Aim of the exercise - Copy, exactly as written, the lines that begin at the one containing "Do You Fear Me? (Album Version)" and end at the one containing "萬(wàn)寶龍手表真假怎么分辨？萬(wàn)寶龍手表真假鑒別". Skip any pictures in the data below.

::: Provided information :::

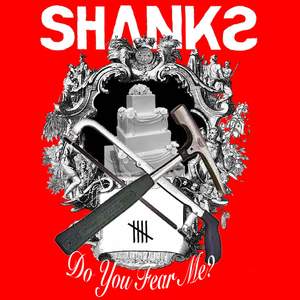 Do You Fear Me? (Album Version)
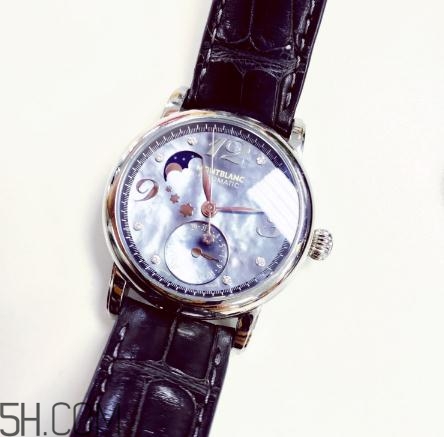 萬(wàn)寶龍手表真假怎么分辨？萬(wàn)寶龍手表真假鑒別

:::
::: Provided information :::

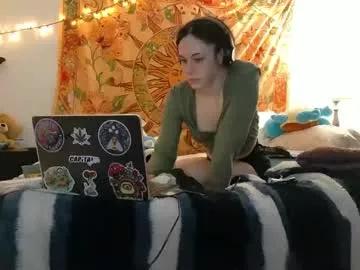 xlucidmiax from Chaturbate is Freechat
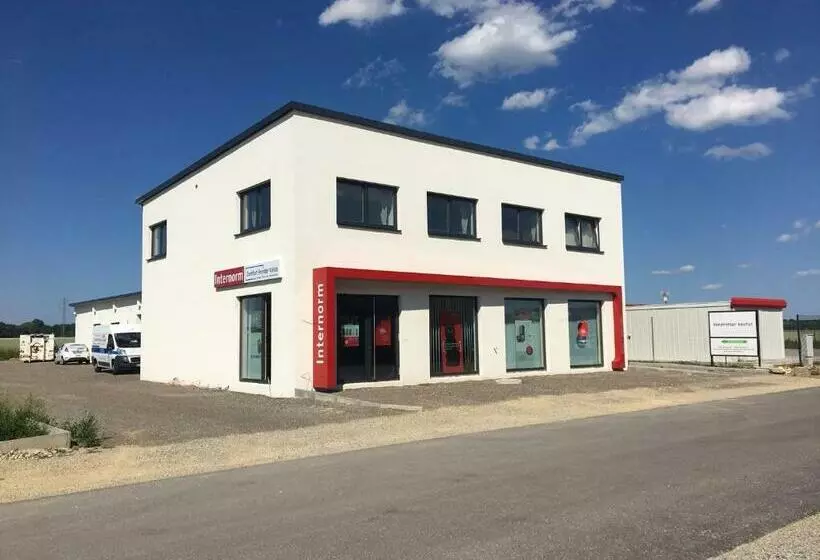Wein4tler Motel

:::

Answer to this exercise -
 Do You Fear Me? (Album Version)
 萬(wàn)寶龍手表真假怎么分辨？萬(wàn)寶龍手表真假鑒別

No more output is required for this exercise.